- Interactive map of Gmina Godzianów
- Coordinates (Godzianów): 51°53′47″N 20°2′12″E﻿ / ﻿51.89639°N 20.03667°E
- Country: Poland
- Voivodeship: Łódź
- County: Skierniewice County
- Seat: Godzianów

Area
- • Total: 44.06 km^{2} (17.01 sq mi)

Population (2006)
- • Total: 2,709
- • Density: 61.48/km^{2} (159.2/sq mi)
- Website: http://www.godzianow.pl/

= Gmina Godzianów =

Gmina Godzianów is a rural gmina (administrative district) in Skierniewice County, Łódź Voivodeship, in central Poland. Its seat is the village of Godzianów, which lies approximately 10 km south-west of Skierniewice and 42 km east of the regional capital Łódź.

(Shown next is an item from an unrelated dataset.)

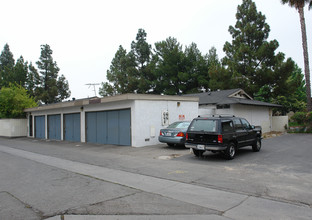 2083 S Nautical St in Anaheim, CA - Building Photo - Building Photo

The gmina covers an area of 44.06 km2, and as of 2006 its total population is 2,709.

==Villages==
Gmina Godzianów contains the villages and settlements of Byczki, Godzianów, Kawęczyn, Lnisno, Płyćwia and Zapady.

==Neighbouring gminas==
Gmina Godzianów is bordered by the gminas of Głuchów, Lipce Reymontowskie, Maków, Skierniewice and Słupia.